И тогда мужчина перешагнул через ее тело, встав на колени с одной стороны от нее, но продолжая удерживать ее запястья.
Эллен чувствовала, что только собрав всю свою волю в кулак, он сопротивляется желанию схватить ее. У нее не было сомнений в том, что через мгновение она будет подвергнута использования достойного рабыни.
И тогда, слишком внезапно, все ее тело, казалось, начало заливать, сильнее чем когда-либо прежде, и это стало для Эллен потрясением, ужаснувшим накалом страсти, беспомощным жаром, подавляющей любовью, полным тотальным подчинением, отчаянной взбесившейся потребностью женщины беспомощно и с любовью отдать себя, во власть своего господина.
Судя по улыбке, от ее господина не укрылось состояние его рабыни.
— Пожалейте рабыню, — попросила она.
Насколько беспомощны бывают рабыни так внезапно оказавшись во власти своих потребностей!
— Похоже, — хмыкнул мужчина, — в твоем соблазнительном маленьком животике горит рабский огонь?
Девушка выгнулась дугой в попытке дотянуться своим телом до его, но мужчина по-прежнему крепко удерживал ее запястья прижатыми к полу. Эллен так и замерла, наполовину лежа, наполовину стоя на коленях, дикими глазами глядя на него.
— Да, Господин, — простонала она. — Мой живот жжет рабский огонь!
— Живот земной женщины?
— Живот той, кто когда-то была женщиной Земли, но теперь только гореанская рабыня с клеймом на ноге и ошейником на горле!

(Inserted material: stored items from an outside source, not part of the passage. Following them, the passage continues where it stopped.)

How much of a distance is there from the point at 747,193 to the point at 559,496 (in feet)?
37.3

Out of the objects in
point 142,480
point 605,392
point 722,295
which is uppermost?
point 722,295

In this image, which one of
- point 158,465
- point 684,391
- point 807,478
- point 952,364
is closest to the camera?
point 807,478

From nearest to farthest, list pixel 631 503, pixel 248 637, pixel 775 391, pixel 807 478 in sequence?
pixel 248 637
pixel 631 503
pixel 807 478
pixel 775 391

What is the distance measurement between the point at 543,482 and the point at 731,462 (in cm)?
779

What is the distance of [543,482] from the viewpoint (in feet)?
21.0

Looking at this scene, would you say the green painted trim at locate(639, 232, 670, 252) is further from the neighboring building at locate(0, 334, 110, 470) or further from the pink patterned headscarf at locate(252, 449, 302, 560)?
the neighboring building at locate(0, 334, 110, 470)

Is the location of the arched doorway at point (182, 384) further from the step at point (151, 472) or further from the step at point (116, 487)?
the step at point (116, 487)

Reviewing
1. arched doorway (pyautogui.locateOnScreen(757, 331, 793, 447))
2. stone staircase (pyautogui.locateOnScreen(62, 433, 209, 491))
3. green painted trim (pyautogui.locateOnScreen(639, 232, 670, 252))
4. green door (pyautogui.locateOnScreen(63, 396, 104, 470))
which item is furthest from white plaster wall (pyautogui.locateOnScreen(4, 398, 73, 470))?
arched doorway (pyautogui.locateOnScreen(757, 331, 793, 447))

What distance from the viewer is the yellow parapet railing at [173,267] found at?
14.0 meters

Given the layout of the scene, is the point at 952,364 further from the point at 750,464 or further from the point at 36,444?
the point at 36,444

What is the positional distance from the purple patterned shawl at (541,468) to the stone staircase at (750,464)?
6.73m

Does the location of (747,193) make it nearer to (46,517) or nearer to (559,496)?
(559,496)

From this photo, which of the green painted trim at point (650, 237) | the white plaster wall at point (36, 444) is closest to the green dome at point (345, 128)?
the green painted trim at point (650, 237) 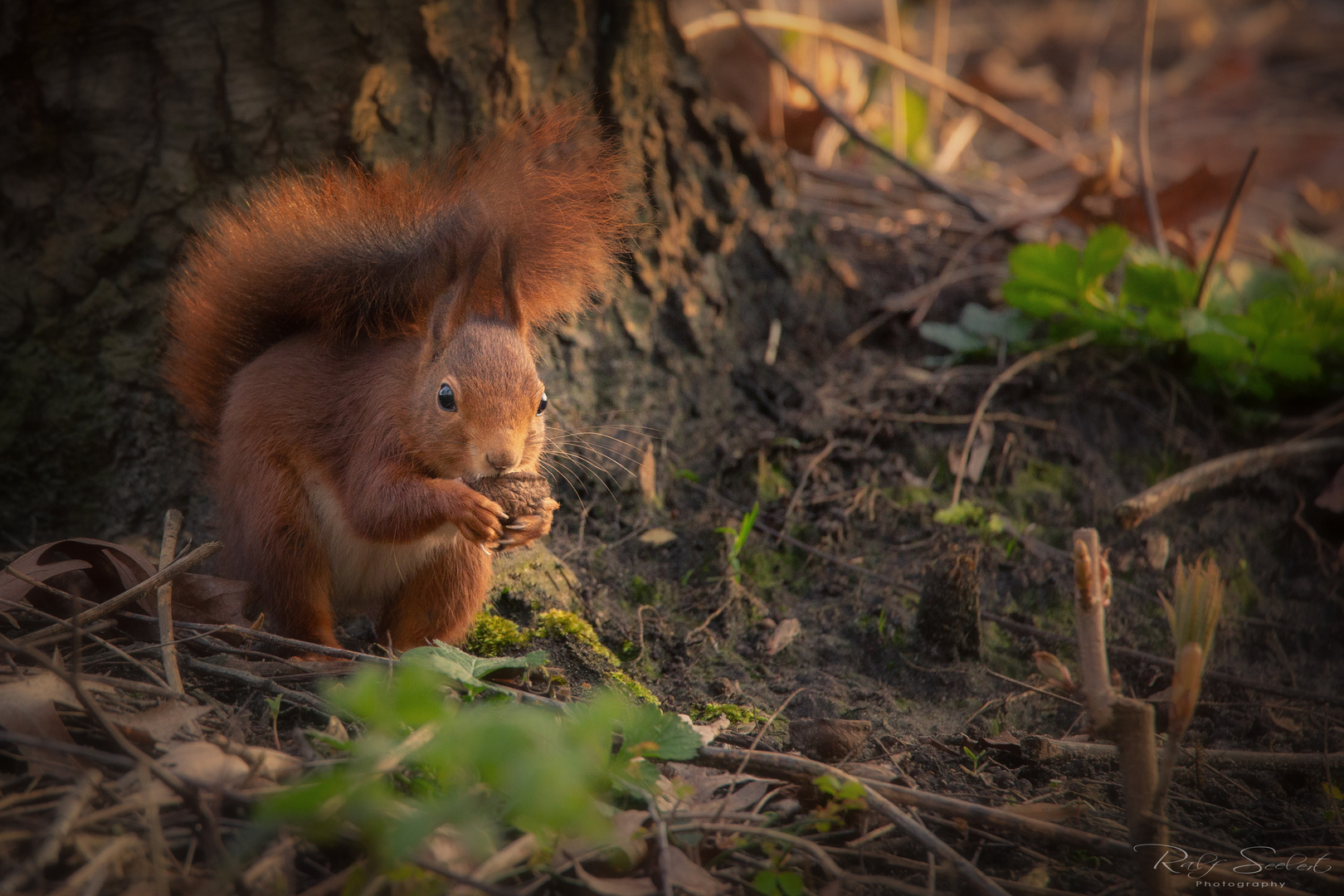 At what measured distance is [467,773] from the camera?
136 cm

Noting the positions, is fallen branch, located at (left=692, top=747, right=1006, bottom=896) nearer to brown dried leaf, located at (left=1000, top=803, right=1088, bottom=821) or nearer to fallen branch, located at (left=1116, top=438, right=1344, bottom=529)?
brown dried leaf, located at (left=1000, top=803, right=1088, bottom=821)

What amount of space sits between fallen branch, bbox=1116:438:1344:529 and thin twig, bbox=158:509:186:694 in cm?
182

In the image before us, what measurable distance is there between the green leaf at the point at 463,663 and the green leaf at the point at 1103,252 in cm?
183

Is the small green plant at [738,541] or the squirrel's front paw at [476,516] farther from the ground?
the squirrel's front paw at [476,516]

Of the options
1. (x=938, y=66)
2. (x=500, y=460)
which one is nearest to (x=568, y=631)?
(x=500, y=460)

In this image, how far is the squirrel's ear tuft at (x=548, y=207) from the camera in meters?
1.89

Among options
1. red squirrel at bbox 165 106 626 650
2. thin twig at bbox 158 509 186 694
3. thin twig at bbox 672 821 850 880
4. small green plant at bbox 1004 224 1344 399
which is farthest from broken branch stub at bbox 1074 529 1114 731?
small green plant at bbox 1004 224 1344 399

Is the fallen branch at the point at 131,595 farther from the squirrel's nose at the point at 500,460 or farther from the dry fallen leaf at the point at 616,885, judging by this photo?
the dry fallen leaf at the point at 616,885

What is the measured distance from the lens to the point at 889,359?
2850 mm

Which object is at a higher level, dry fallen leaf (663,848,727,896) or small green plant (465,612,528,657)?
dry fallen leaf (663,848,727,896)

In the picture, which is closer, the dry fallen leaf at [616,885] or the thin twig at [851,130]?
the dry fallen leaf at [616,885]

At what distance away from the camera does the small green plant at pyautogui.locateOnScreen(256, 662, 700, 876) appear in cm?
105

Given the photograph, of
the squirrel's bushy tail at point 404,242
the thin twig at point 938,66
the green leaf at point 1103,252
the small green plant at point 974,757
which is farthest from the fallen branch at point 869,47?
the small green plant at point 974,757

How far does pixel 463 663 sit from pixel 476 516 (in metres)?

— Я вижу, — кивнул мужчина.
— Я признаю свои потребности! Мне больше не позволено отрицать их! — заявила рабыня, но он продолжал прижимать запястья Эллен к полу, не давая ей дотянуться до себя, и тогда она, набрав воздуха в легкие, выкрикнула: — Я ваша, Господин!
Стоило ему разжать свой захват, как Эллен вскинула руки и попыталась коснуться его лица, но сильные пальцы снова сомкнулись на ее запястьях, остановив в каком-дюйме от себя.
— Я должна дотронуться до вас, — взмолилась она.